Lewis is a good story teller and portrays the players well. He comes at things from all perspectives; he does not dodge complexity but explains it well. His overall image of modern Wall Street is dark. Warning: one must follow some of the details about the instruments (CDOs & CDSs) to enjoy the drama of the later chapters.
I am on page 50 (mid 2005) and Lewis proceeds chronologically with the story. I don’t know what final judgements he will make on players such as Mike Burry but I want to insert here my own judgement, based on what I have learned so far from the book, and also what I have read in subsequent news stories. Short sellers such as Burry increase the pain in the short term but decrease the total pain in just about any longer run. The sooner you terminate a Ponzi scheme the less total damage it does. The events of 2008 are not due to a Ponzi scheme and Burry didn’t actually short, but the analogy still holds.
Lewis has a keen sense of economic cause and effect so often lacking in New York Times reports and even the Wall Street Journal. This lack is manifest in reporting situations that cry for explanations of how other components of the situation respond. If there is a dire shortage of zots, what effect of this has there been on the price of zots and the suppliers of zots? Lewis does not leave the reader long in the dark here.
On page 130 I see answers to some questions that I wondered about here a year ago—“What are the assets that back this instrument?”. The information was indeed hard to get in 2006.

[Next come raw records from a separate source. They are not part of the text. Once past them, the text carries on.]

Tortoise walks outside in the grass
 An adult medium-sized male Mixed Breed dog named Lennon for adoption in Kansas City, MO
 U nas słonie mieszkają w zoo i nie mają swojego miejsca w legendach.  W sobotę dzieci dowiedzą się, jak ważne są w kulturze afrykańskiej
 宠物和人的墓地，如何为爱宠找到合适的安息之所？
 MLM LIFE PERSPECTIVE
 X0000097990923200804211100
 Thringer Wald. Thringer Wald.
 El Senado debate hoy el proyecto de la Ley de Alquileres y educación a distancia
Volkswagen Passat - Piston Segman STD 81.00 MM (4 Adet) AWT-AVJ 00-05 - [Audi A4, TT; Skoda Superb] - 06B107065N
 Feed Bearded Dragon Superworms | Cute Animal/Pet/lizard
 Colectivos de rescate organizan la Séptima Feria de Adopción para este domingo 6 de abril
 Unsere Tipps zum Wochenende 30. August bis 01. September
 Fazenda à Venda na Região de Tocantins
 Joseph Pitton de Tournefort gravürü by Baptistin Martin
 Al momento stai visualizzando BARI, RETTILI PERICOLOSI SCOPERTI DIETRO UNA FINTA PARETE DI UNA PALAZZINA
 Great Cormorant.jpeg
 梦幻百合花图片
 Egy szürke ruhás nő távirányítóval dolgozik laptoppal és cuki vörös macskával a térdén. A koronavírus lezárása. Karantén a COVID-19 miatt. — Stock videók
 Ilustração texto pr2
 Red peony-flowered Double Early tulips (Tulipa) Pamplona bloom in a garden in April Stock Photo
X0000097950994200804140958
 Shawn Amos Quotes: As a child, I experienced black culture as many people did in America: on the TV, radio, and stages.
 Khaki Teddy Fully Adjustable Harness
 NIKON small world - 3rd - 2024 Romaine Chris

On page 131 we learn that CDOs are recursive which, as any computer scientist will tell you, means that they are mutable. Otherwise each CDO would be composed solely of older CDOs thus precluding circularity. This is not in itself fraudulent but makes fraud easier. Some years ago Tymshare embarked on charting the ownership of companies in the oil business. There was considerable circularity there too. The information was hard to get. Transparency is critical.